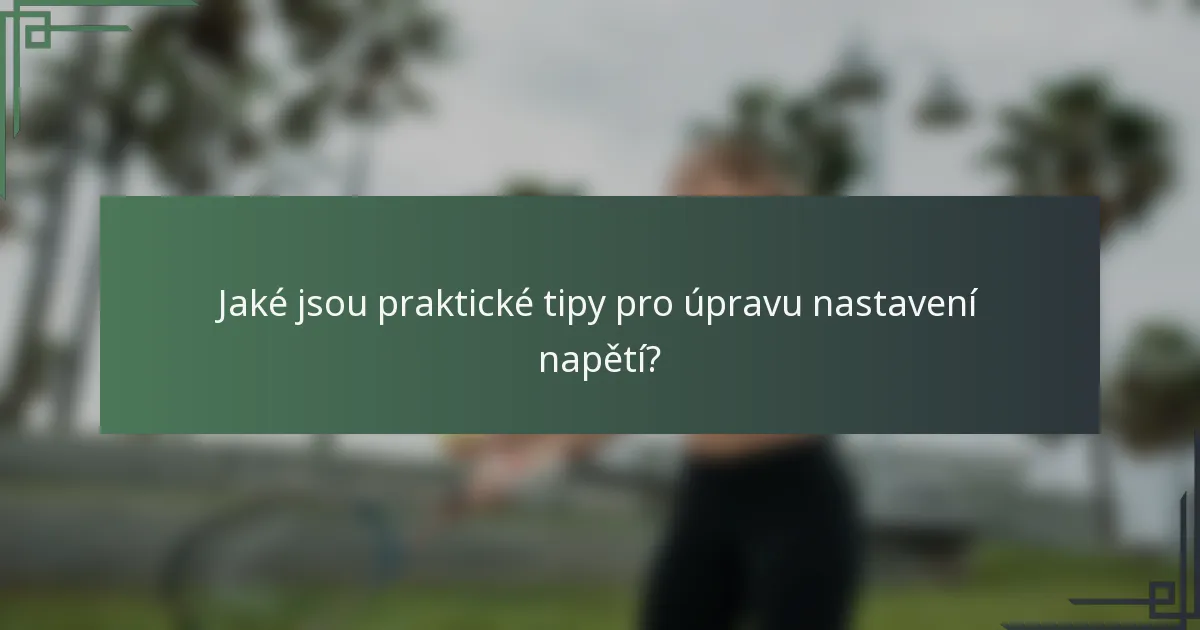 Jaké jsou praktické tipy pro úpravu nastavení napětí?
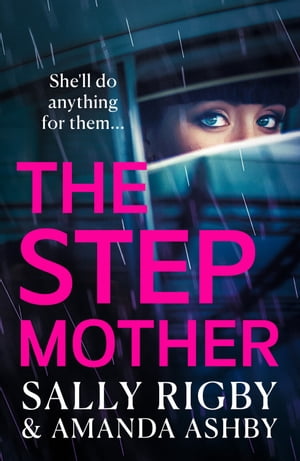 The Stepmother A BRAND NEW completely addictive,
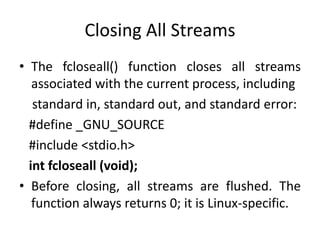 Closing All Streams
• The fcloseall() function closes all streams
associated with the current process, including
standard in, standard out, and standard error:
#define _GNU_SOURCE
#include <stdio.h>
int fcloseall (void);
• Before closing, all streams are flushed. The
function always returns 0; it is Linux-specific.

- Exercise instructions -
Show all lines from the entries that hold "function".

- Your response -
• The fcloseall() function closes all streams
function always returns 0; it is Linux-specific.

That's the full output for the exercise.